“It may be over between us, but it’s not finished.”
I find it immediately annoying that the first two listed stars of WOMEN in Love are Alan Bates and Oliver Reed. Women can’t even star in their own movie! But I stopped being annoyed almost immediately. I think this was Ken’s third theatrical feature after Billion Dollar Brain and the little-known French Dressing, and it’s intoxicating, successfully applying all his (and his actors’) stylistic excess to a period novel by D.H. Lawrence about doomed rich people.
Jackson taunts some cows:
Linden and Bates:
The doom begins early on, as all our main characters meet at the wedding of two vibrant young lovers who drown together soon afterwards. I think Oliver Reed (star of The Devils) was the bride’s brother, and Bates (The Go-Between, Dr. M) is his friend.
Also at the party: two sisters with great names (Gudrun and Ursula) and extravagant, attention-grabbing host Eleanor Bron (four years after Help!), who is dating major romantic Bates until he takes up with Ursula (Jennie Linden, lately of a Dr. Who movie), while his more intense, coal-mine manager buddy Reed goes with red-haired Gudrun (Glenda Jackson of Hopscotch, later an anti-Thatcher member of parliament who ran twice for mayor of London)
Thinking ’bout Eleanor Bron:
Bates and Ursula get married and take a ski trip with the others. Reed is jealous and old-fashioned, disapproves of Gudrun’s friendship with a local sculptor, finally nearly strangles her then tromps off into the snow to freeze to death.
The title made me think there’d be a lesbian story but instead we get Bates and Reed wrestling completely nude by the fire, and the ending implies that the great love story of the film was Bates and Reed’s friendship.

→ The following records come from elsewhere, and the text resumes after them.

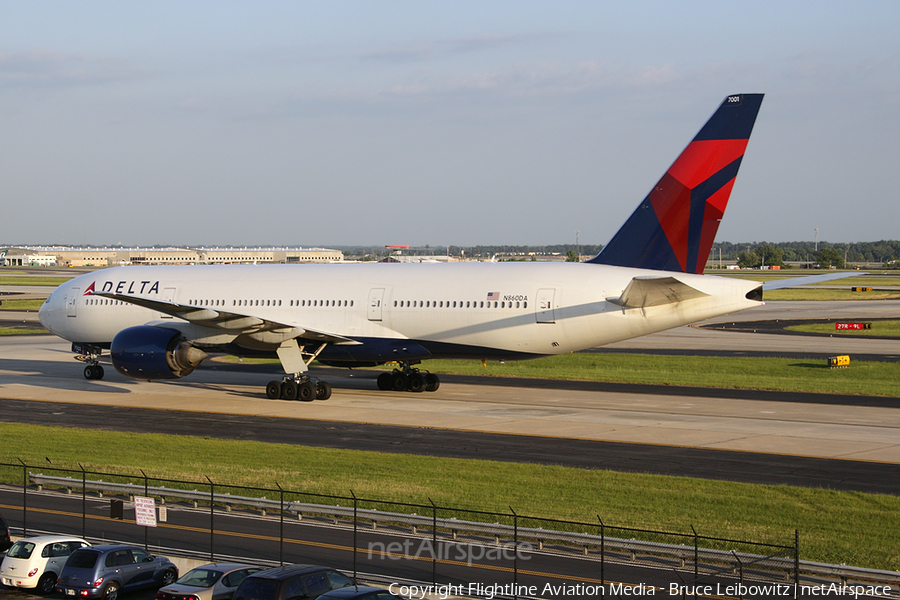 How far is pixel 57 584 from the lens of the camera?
16016mm

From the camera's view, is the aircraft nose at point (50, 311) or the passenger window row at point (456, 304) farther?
→ the aircraft nose at point (50, 311)

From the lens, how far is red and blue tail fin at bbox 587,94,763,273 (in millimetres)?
33000

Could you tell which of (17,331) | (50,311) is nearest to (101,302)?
(50,311)

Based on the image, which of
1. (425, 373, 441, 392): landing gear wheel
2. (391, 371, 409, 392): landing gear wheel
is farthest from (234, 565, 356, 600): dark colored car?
(391, 371, 409, 392): landing gear wheel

This movie got heaps of award nominations including 11 from the Baftas (but Midnight Cowboy and Oh! What a Lovely War cleaned up) and 4 from the Oscars, with Glenda Jackson winning most of them, and made Russell’s reputation in Britain. Wikipedia says the book was a sequel (the sisters appeared in earlier novel The Rainbow) and Bates’s character may have been Lawrence’s stand-in.